Roman Polanski adapte une pièce de théâtre de David Ives inspirée de Sacher-Masoch, l’écrivain autrichien qui a donné son nom au masochisme…

Si le film m’était conté…

Alors qu’il s’apprête à quitter le théâtre où il a fait passer des auditions pour une pièce adaptée du roman de Sacher-Masoch, un metteur en scène tombe nez à nez avec une femme qui va le stupéfier…

Si sa sélection m’était expliquée…

Inutile de présenter Roman Polanski, déjà palmé d’or pour Le Pianiste. Si ce film, plutôt amusant, est en sélection, c’est aussi parce qu’on y trouve de multiples clins à la filmographie du réalisateur polonais, notamment ses premiers films : la robe de Tess, la veste du Bal des vampires, le couteau de Rosemary’s baby, le maquillage comme dans Cul-de-sac, le travestissement comme dans Le Locataire… En plus, la ressemblance physique de Mathieu Amalric est assez troublante…

Si on m’avait dit…

Roman Polanski jure ses grands dieux n’être point familier avec l’œuvre de Sacher-Masoch.

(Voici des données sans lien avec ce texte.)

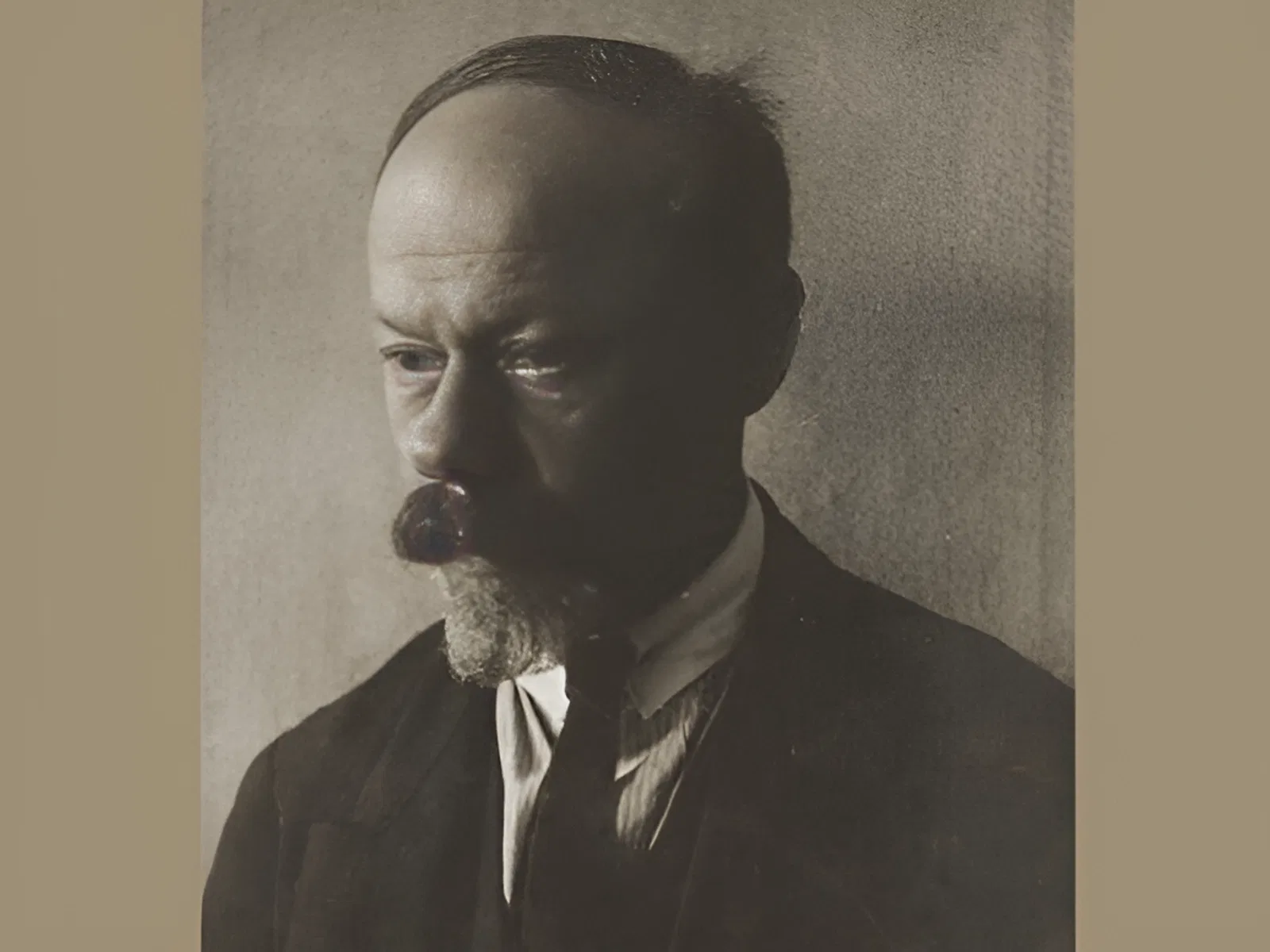Михаил Гнесин (2 февраля 1883 - 5 мая 1957), советский композитор, музыкальный деятель, педагог, профессор Михаил Гнесин (2 февраля 1883 - 5 мая 1957), советский композитор, музыкальный деятель, педагог, профессор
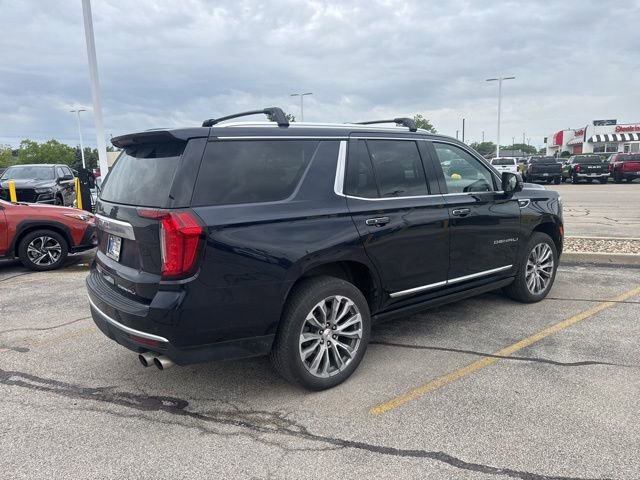 Used 2021 GMC Yukon Denali w/ Denali Premium Package AWD/4WD image 4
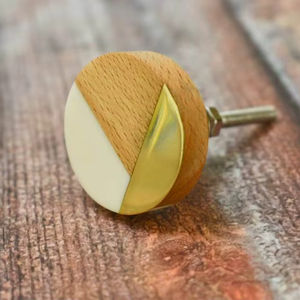 Bouton en bois moderne et écologique, résistant au four - Product Image 1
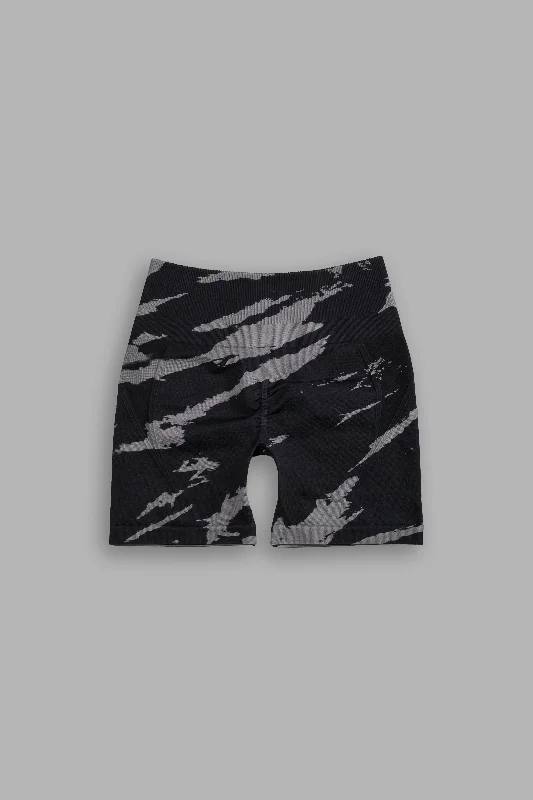 inner-power-everson-seamless-huxley-shorts-in-black-native-camo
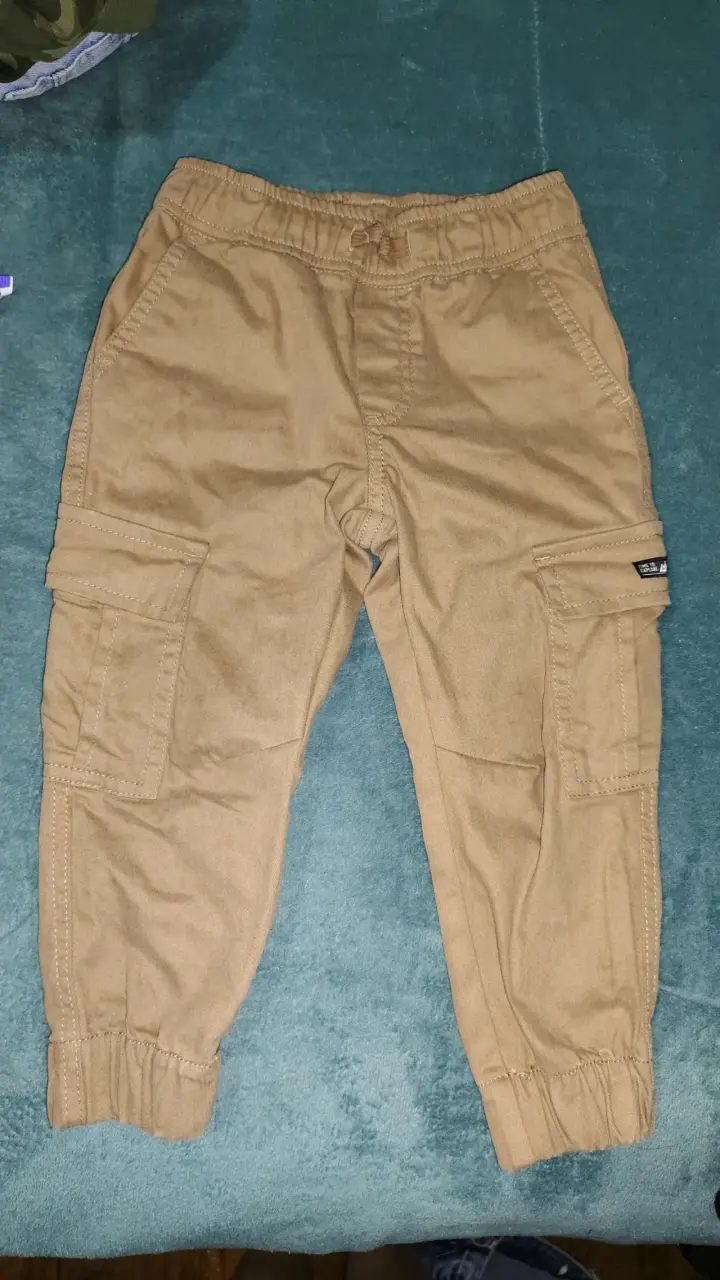 Pantalones cargo color caqui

On le croit volontiers mais on imagine qu’il s’est bien amusé avec cette histoire qui rassemble quand même pas mal de ses obsessions. C’est son agent qui lui a soumis la pièce de David Ives  l’an dernier… à Cannes justement. «Lis-ça, c’est ta tasse de thé», lui-a-t-il dit. En effet, un an plus tard, jour pour jour, le film est là, fin prêt, pour Cannes.

Si 20 minutes était juré…

Le film devrait se retrouver au palmarès. Pour sa la mise en scène, simple mais élégante. Ou pour ses interprètes, Mathieu Amalric au jeu tout en finesse (c’est d’ailleurs Spielberg qui a présenté Amalric à Polanski). Ou plus sûrement Emmanuelle Seigner, impressionnante en bombasse qui malmène son metteur en scène.